As the editor of the Eastern Shore Cooperator, I am writing to address a request for a correction in an article entitled “Life As a Carrot,” written by Jude Major and published online on August 23, 2020, describing her experiences as a costumed crossing guard on Sunday mornings helping people back and forth across Hwy 7 between the Railway Museum/Farmers Market and the two food shops, Dobbit Bakehouse and Noor’s Mediterranean Cuisine.
In this article, she wrote, “MLA Kevin Murphy complained to a Market board member because I didn’t have a permit from the Department of Transportation and Infrastructure Development.”
MLA Kevin Murphy emailed the Cooperator asking for a correction to this article. In his email, he laid out the chronology of his interactions dealing with having a crossing guard at this location. Here is the full text of his email:
“I am troubled by the author’s characterisation of my recent interaction with an Eastern Shore Farmers Market Board Member as 'complained.' That is not my recollection of the conversation. I had a very meaningful, polite conversation with the Board Member in question out of genuine concern for the safety of all involved.

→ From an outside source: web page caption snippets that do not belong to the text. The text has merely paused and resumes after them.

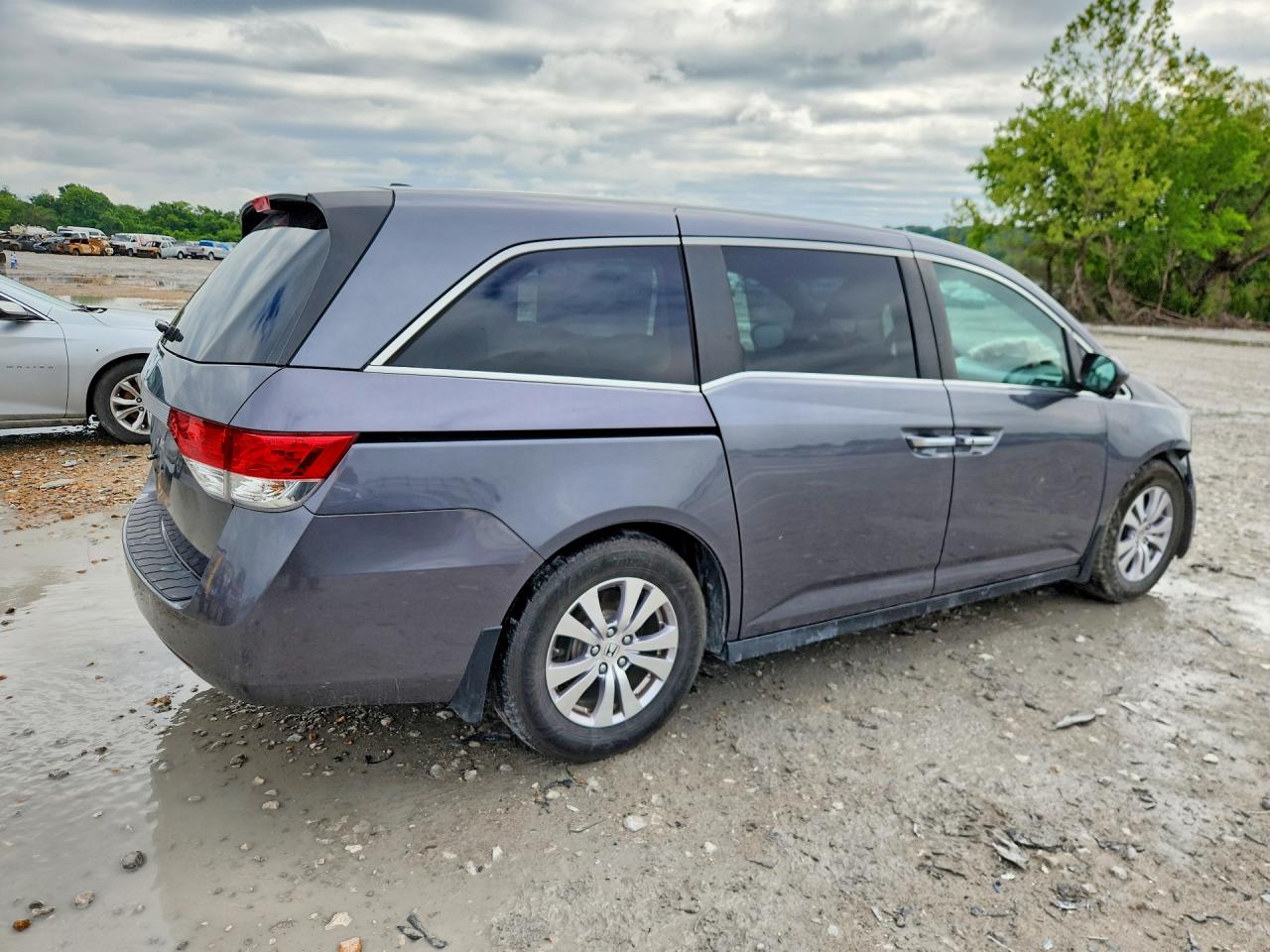 Honda Odyssey Exl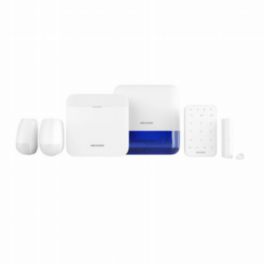 Hikvision CCTV DS-PWA64-Kit2-WE - Lite level AXPRO kit 2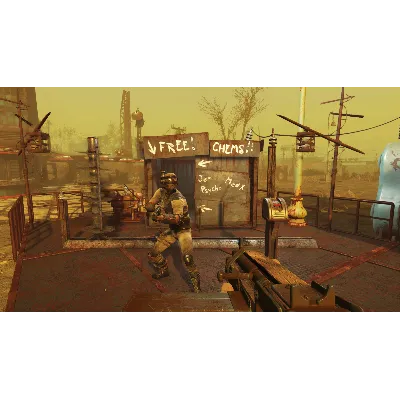 Fallout 4: Game of the Year Edition XBOX ONE Ключ - irongamers.ru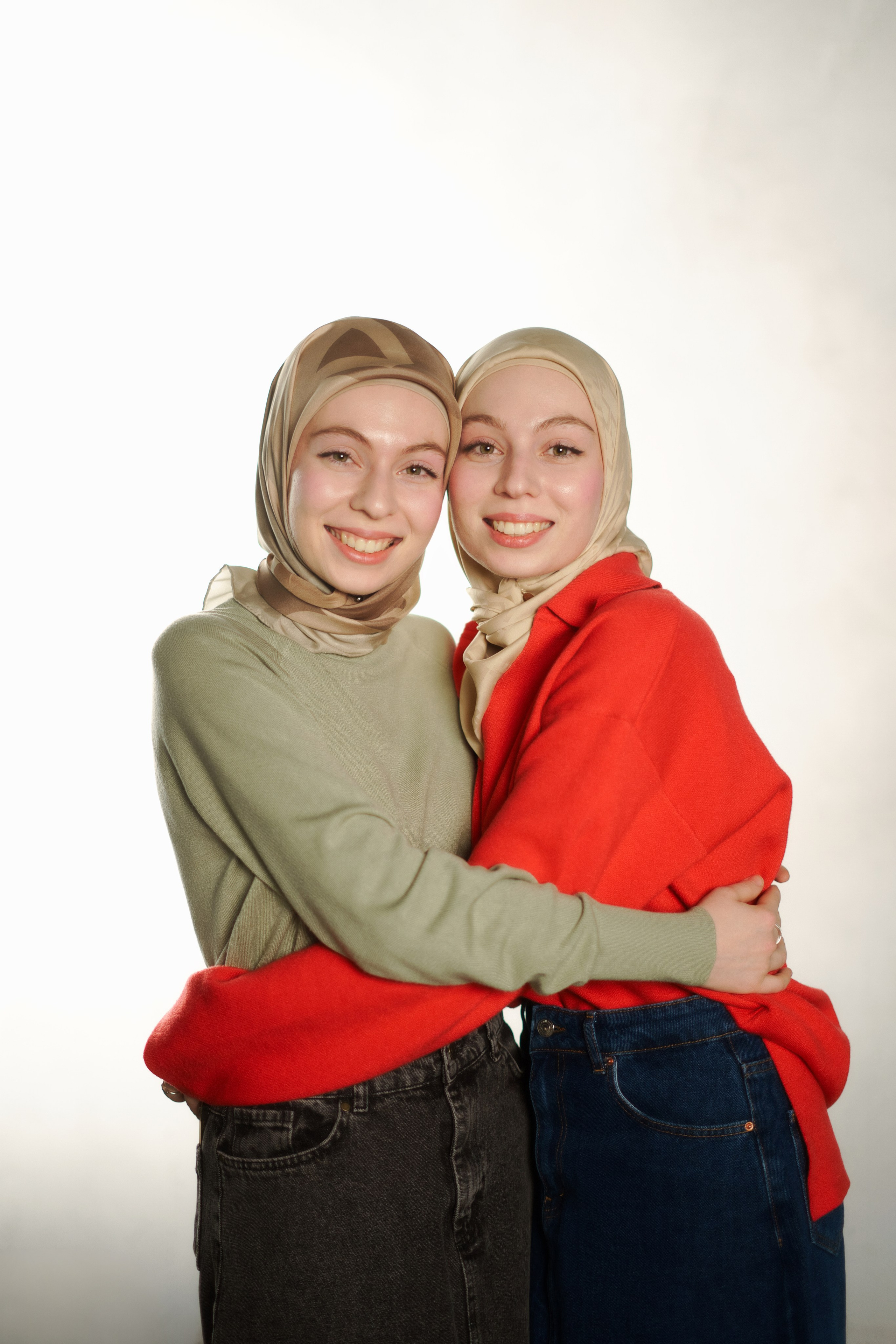 Друзья. Фотограф Валерия Крахмалева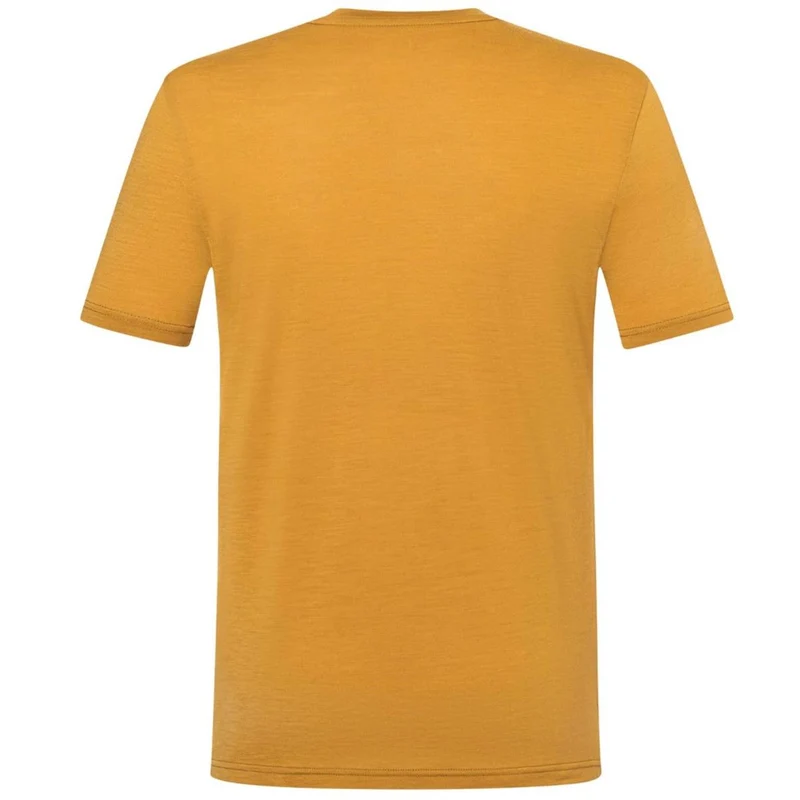 Super Natural M Tent View Tee dried tobacco various Herren T-Shirt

After a recent Sunday visit to the Eastern Shore Farmers Market at the Musquodoboit Harbour Railway Museum I observed the 'Carrot' stopping traffic in both directions on Highway 7, allowing pedestrians to cross.
A few days later, I had occasion to bump into an Eastern Shore Farmers Market Board Member, and our conversation turned to the Market, and its continued need/search for a permanent home. I reiterated my support for the Market and its efforts.
I mentioned my observations of 'the carrot' crossing guard and asked the Board Member if they knew if the Eastern Shore Farmers Market had a permit/permission/authorisation from HRM or the Nova Scotia Department of Transportation to stop traffic on a provincial roadway. The Board Member did not know the answer but committed to find out from the Board.
I mentioned that it would be important to find out ASAP as the Eastern Shore Farmers Market may be liable if there is an accident of any kind, and that obviously is a concern for all involved.
I provided the Board Member with the information on how to apply for special permits for provincial roadways, and the contact information for the appropriate channels at NS Dept of Transportation.
I offered to assist should the Board need anything further.
The Board Member was very appreciative of the information and committed to bring this to the Board ASAP.
I had no further follow up with the Eastern Shore Famers Market Board on this matter until the article entitled “Life As A Carrot” appeared online in the Eastern Shore Cooperator on August 23, 2020
August 24, 2020, I received a phone call from the Board Member with whom I had the conversation. The Board Member was very upset with the article’s misrepresentation of our conversation.
“I am disappointed that the Eastern Shore Cooperator did not reach out to me directly for comment on this topic, and chose instead to misrepresent my conversation with the Board Member in question by presenting what seems to be a third party opinion on a conversation they themselves were never part of.
“Since becoming MLA for Eastern Shore in 2013, I have no recollection of any media request from the Eastern Shore Cooperator that has not been replied to in a timely fashion. I received no media request from the Eastern Shore Cooperator to comment on this particular story. Had there been a request, I would have happily provided a statement.
“I have an expectation that media outlets will make an effort to present a balanced approach to all reporting, including all relevant sides to a story. To reference me as the MLA in the article, and characterise my conversation with another person as a “complaint” is unacceptable and I respectfully ask the Eastern Shore Cooperator, and the author of the article to issue a correction and apology ASAP to myself and the Board Member in question.
“PS: Should the Eastern Shore Cooperator want to do a balanced article on sidewalks, crosswalks, the relevant regulatory bodies and processes involved, and my efforts as MLA to support the various community efforts to improve pedestrian and motor vehicle safety on the Eastern Shore, I am happy to make myself available for an interview.”
Murphy is correct that he and his staff have always responded to our media requests in a timely fashion, and that he has been a supporter of the Market over the years. Murphy is also correct that the author of the piece was not part of the original conversation. As her editor, I assumed that whoever described this conversation to her either used the word “complained,” or some other similar language. But I did not think to call his office to check whether he might disagree with the characterization of his conversation in this article.
In dealing with controversial issues, I usually make sure to include direct quotes from all sides in an effort to be fair. And in seven years, I have yet to turn down a letter-to-the-editor correcting what we printed. In this case, it was a mistake not to check in and hear Murphy’s explanation. We will be printing this correction on our webpage immediately, and in the October print edition. Politicians have a right to expect media outlets to make an effort to avoid one-sided stories. I apologize for the error and will be more careful in the future.